**Supplied material:**

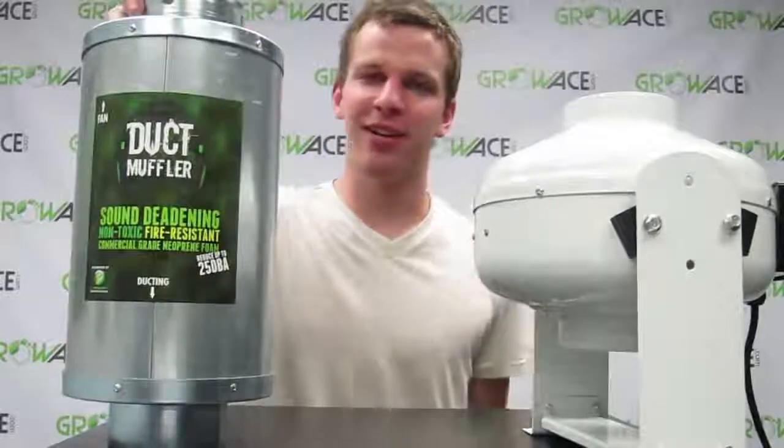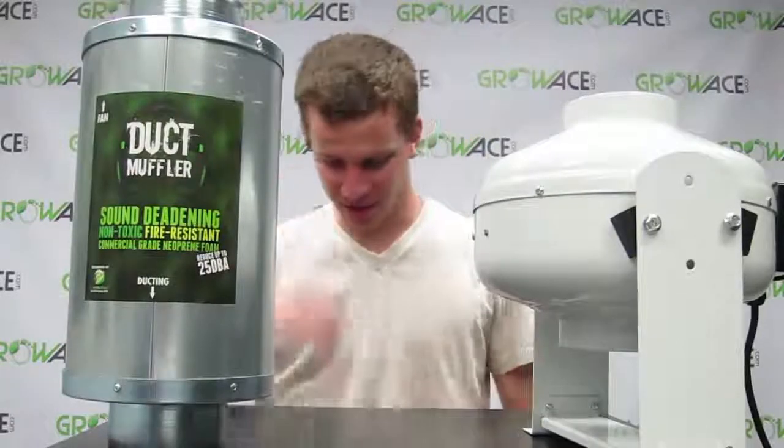Alright, so now let's go ahead and get these on the fan. Let's get the fan started real quick.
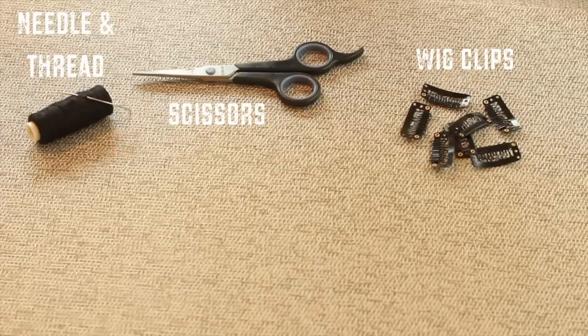I am here to show you how I make and apply my clip-ins and it's super simple. So what you're gonna need are wick clips, some scissors, a needle and thread, and of course your wefted extensions.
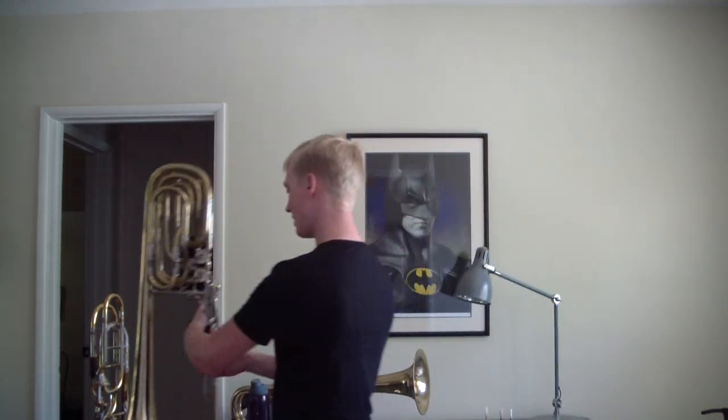So there we go — the Monk F contrabass trombone, about a thousand times better than the stupid Mirafone. And honestly on par with most of the contras that I've played in F. Look for more videos about that in the future, and I'll see you guys next time. Vamos a vera.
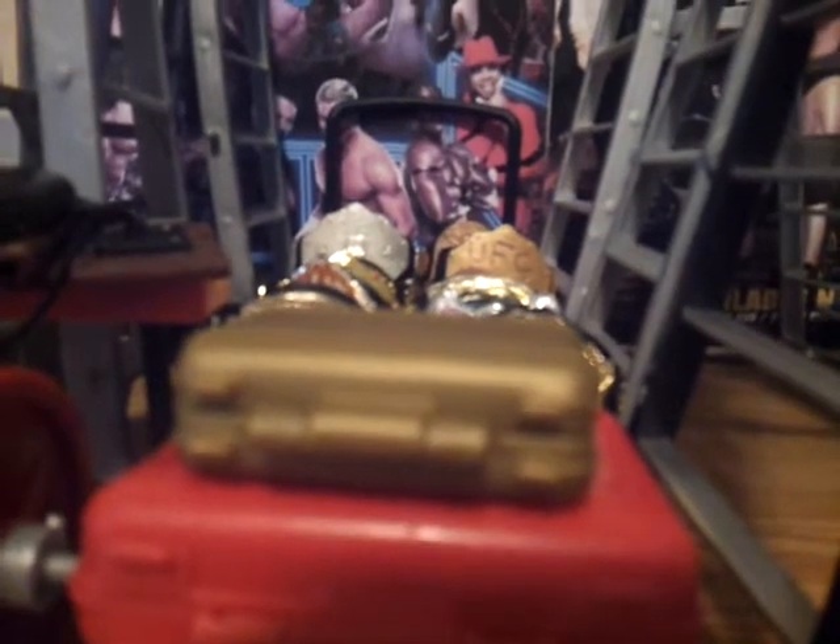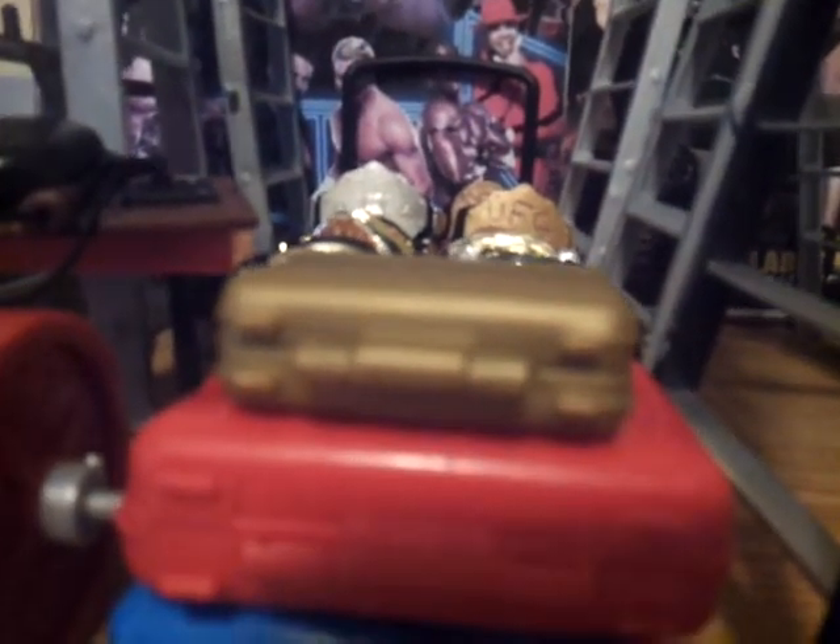Alright, let's get down to the briefcases. This briefcase right here — the golden one — came with Ted DiBiase from one of my friends who can get me some of these accessories. This red one I got with my elite John Cena. This blue one I got with the Dolph Ziggler two-pack.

**Activity:** All that is wanted is each line, word for word, from the first line of the data to the one holding "I am here to", with the pictures left out.

**Result below:**
Alright, so now let's go ahead and get these on the fan. Let's get the fan started real quick.
I am here to show you how I make and apply my clip-ins and it's super simple. So what you're gonna need are wick clips, some scissors, a needle and thread, and of course your wefted extensions.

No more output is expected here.